| WORK TO COMPLETE |
Your output must be the lines below from the line containing "Using a laptop in bed" to the line containing "Blue beach chairs", both lines included, reproduced exactly and without pictures.

| TASK MATERIAL |
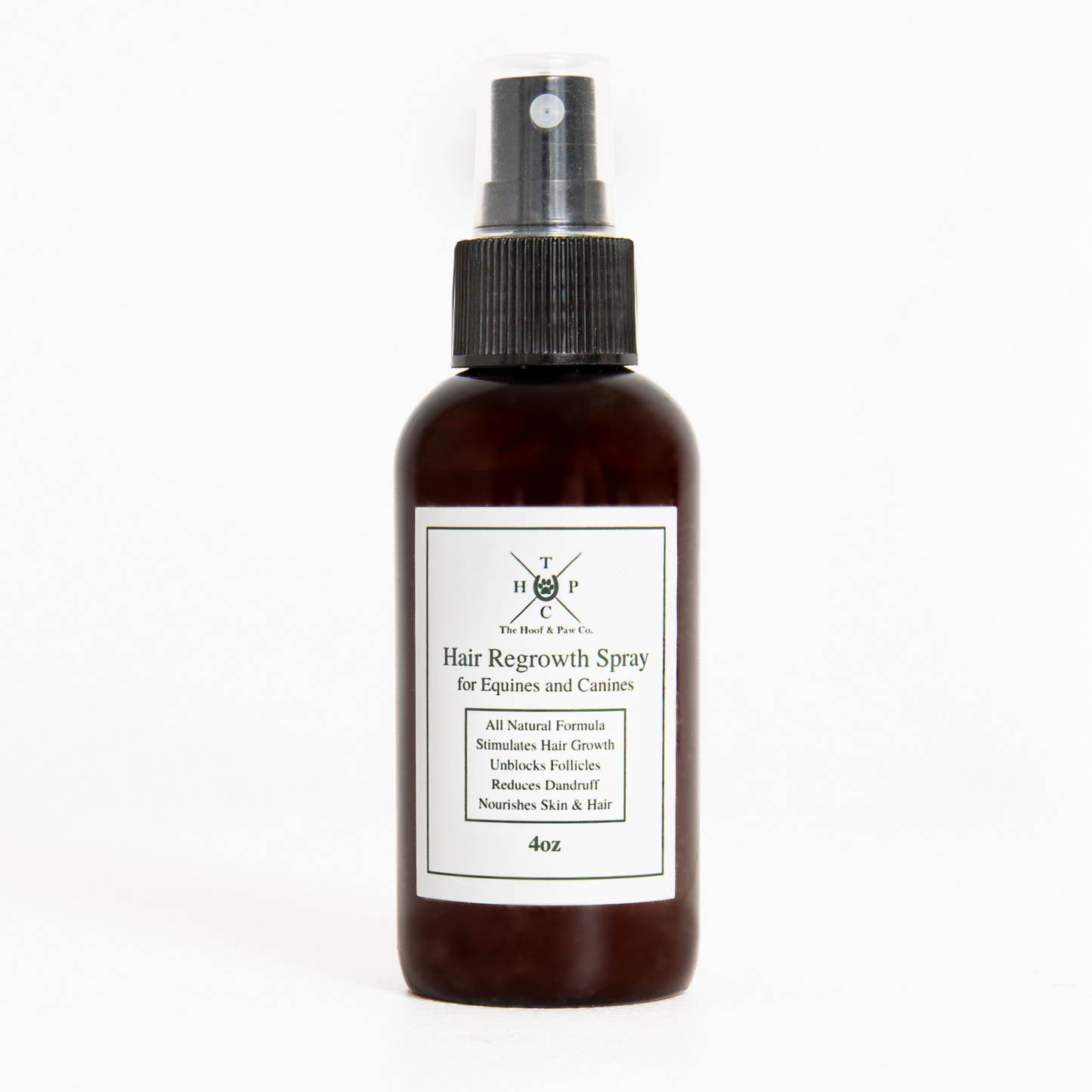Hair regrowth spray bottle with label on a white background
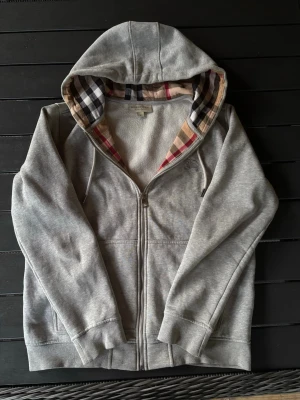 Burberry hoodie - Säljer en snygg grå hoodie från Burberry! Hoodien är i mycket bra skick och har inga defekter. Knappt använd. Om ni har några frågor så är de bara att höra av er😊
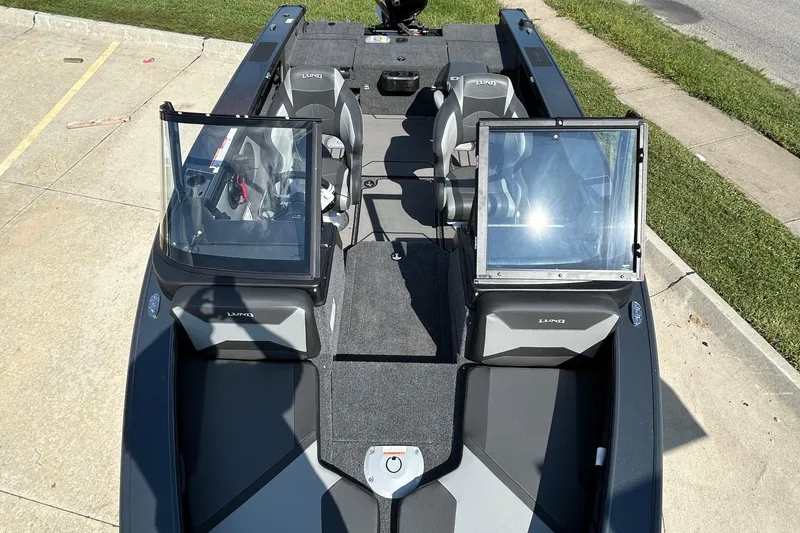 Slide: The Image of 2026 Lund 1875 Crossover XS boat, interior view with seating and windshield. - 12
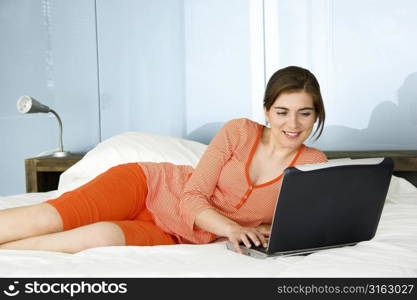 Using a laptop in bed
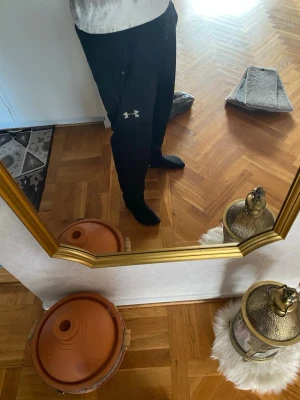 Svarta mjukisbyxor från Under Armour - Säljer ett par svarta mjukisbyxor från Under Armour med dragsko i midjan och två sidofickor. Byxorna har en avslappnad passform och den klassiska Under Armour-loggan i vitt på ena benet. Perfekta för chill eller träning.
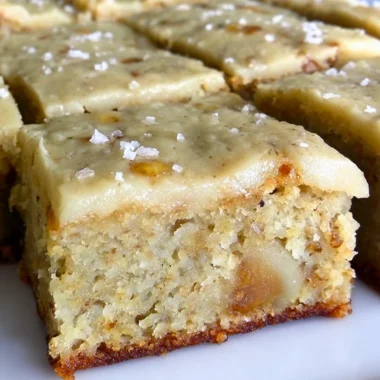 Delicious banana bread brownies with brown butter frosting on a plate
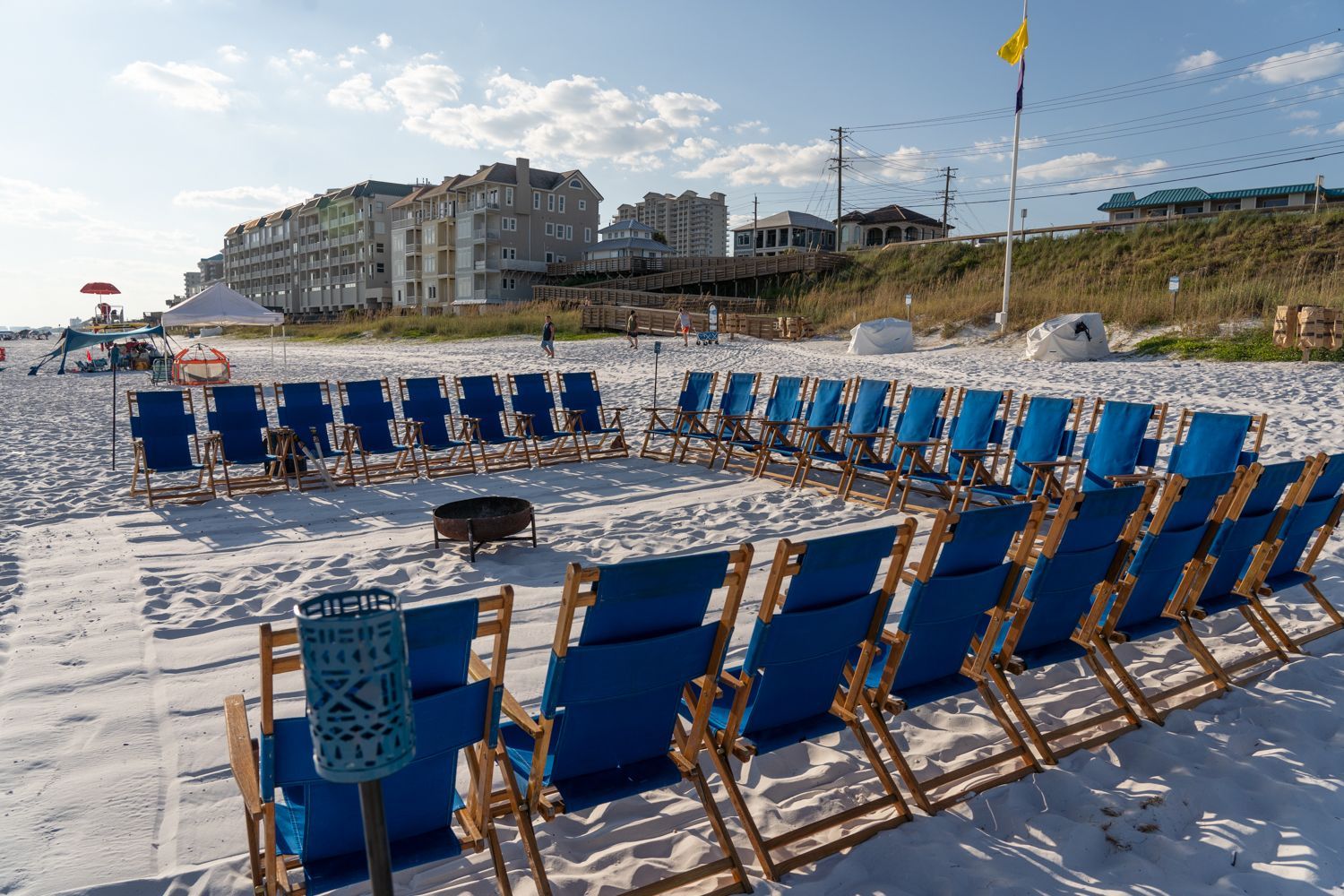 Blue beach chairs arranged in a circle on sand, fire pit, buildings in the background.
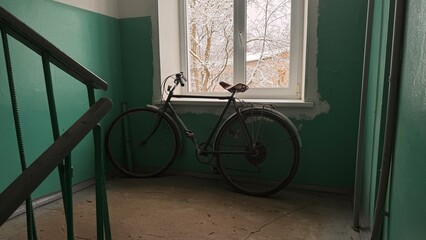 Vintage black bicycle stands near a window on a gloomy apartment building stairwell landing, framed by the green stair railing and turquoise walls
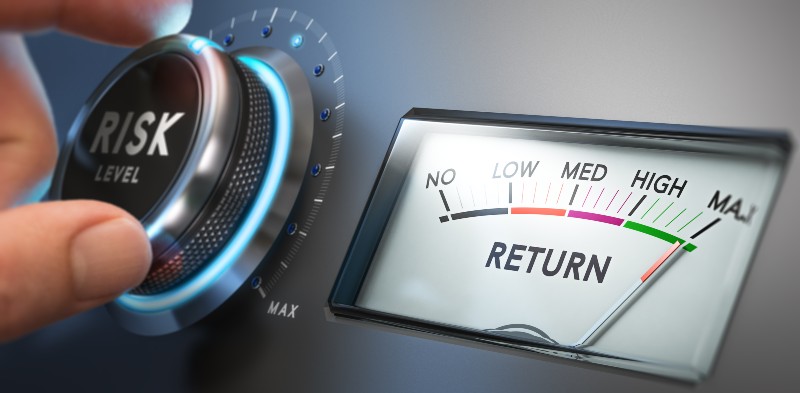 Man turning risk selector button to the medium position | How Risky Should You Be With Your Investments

==

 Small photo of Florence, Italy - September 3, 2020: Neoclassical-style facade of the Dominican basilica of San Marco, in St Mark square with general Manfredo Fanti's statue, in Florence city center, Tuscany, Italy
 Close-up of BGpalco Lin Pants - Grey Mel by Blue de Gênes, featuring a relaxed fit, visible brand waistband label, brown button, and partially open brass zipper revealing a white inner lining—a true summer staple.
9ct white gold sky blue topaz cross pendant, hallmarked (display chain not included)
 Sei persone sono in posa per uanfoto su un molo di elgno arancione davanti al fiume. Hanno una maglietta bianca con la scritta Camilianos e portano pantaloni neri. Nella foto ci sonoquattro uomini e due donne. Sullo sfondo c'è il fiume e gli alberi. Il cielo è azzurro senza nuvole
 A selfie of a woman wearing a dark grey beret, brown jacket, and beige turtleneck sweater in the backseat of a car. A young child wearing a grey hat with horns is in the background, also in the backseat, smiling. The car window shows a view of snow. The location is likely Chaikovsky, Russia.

| COMPLETED EXERCISE |
 Using a laptop in bed
 Svarta mjukisbyxor från Under Armour - Säljer ett par svarta mjukisbyxor från Under Armour med dragsko i midjan och två sidofickor. Byxorna har en avslappnad passform och den klassiska Under Armour-loggan i vitt på ena benet. Perfekta för chill eller träning.
 Delicious banana bread brownies with brown butter frosting on a plate
 Blue beach chairs arranged in a circle on sand, fire pit, buildings in the background.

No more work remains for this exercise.